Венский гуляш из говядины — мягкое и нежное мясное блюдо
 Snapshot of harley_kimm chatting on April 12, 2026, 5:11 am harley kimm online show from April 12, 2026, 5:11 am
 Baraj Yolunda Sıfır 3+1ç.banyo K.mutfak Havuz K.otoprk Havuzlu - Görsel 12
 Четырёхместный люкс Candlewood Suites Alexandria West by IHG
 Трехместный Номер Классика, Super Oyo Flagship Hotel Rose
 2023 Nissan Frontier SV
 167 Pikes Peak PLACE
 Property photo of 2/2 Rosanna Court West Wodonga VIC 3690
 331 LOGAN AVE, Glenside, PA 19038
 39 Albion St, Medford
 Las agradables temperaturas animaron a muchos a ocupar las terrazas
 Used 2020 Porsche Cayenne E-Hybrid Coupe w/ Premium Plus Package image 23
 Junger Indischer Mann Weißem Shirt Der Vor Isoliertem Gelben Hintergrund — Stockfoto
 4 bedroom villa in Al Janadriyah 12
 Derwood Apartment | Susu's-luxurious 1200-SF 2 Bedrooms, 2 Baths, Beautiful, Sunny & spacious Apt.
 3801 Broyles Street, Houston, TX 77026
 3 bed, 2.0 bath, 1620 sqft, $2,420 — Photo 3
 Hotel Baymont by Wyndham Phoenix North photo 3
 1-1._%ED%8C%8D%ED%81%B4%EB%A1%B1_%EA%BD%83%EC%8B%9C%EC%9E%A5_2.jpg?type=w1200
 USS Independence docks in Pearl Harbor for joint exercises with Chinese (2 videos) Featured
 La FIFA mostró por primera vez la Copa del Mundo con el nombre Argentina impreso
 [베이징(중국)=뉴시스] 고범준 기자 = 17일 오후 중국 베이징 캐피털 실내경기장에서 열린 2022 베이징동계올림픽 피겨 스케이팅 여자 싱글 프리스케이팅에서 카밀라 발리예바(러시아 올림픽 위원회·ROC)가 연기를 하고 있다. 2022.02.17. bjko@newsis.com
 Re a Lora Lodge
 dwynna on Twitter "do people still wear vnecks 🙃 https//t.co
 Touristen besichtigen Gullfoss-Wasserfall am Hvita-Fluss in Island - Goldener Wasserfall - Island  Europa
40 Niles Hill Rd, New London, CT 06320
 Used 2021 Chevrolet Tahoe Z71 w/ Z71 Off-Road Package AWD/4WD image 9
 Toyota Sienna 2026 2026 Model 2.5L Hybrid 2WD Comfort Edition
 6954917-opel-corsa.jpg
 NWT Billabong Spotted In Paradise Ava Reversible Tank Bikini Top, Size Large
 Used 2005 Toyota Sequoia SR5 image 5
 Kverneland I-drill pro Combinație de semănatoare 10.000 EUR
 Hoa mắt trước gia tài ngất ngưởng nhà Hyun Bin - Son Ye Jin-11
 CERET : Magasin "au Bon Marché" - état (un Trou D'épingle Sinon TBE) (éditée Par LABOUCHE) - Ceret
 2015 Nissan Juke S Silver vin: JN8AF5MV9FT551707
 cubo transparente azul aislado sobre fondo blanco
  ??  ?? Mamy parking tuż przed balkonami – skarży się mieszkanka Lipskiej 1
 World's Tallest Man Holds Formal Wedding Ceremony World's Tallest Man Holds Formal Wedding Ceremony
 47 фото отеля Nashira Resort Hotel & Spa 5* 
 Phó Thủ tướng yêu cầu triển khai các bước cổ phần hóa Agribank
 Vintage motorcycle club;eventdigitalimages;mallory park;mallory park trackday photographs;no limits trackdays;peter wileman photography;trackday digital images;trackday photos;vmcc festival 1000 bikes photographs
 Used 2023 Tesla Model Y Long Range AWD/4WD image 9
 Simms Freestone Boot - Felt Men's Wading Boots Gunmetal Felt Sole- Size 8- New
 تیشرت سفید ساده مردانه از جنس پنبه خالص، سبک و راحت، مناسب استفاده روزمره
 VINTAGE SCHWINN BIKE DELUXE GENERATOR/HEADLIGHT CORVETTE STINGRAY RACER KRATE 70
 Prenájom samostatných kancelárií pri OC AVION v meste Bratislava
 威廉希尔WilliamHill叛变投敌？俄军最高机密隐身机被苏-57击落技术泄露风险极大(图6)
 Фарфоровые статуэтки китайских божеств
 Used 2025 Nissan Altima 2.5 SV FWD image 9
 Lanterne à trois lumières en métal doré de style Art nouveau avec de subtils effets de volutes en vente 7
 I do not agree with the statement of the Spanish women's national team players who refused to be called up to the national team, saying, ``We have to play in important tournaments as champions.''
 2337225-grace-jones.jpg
# # #
**Problem requirements:**
Your answer should be the lines of the listing above between the line holding "Property photo of" and the line holding "Hotel Baymont by", inclusive, restated word for word and alone.

**Result of the task:**
 Property photo of 2/2 Rosanna Court West Wodonga VIC 3690
 331 LOGAN AVE, Glenside, PA 19038
 39 Albion St, Medford
 Las agradables temperaturas animaron a muchos a ocupar las terrazas
 Used 2020 Porsche Cayenne E-Hybrid Coupe w/ Premium Plus Package image 23
 Junger Indischer Mann Weißem Shirt Der Vor Isoliertem Gelben Hintergrund — Stockfoto
 4 bedroom villa in Al Janadriyah 12
 Derwood Apartment | Susu's-luxurious 1200-SF 2 Bedrooms, 2 Baths, Beautiful, Sunny & spacious Apt.
 3801 Broyles Street, Houston, TX 77026
 3 bed, 2.0 bath, 1620 sqft, $2,420 — Photo 3
 Hotel Baymont by Wyndham Phoenix North photo 3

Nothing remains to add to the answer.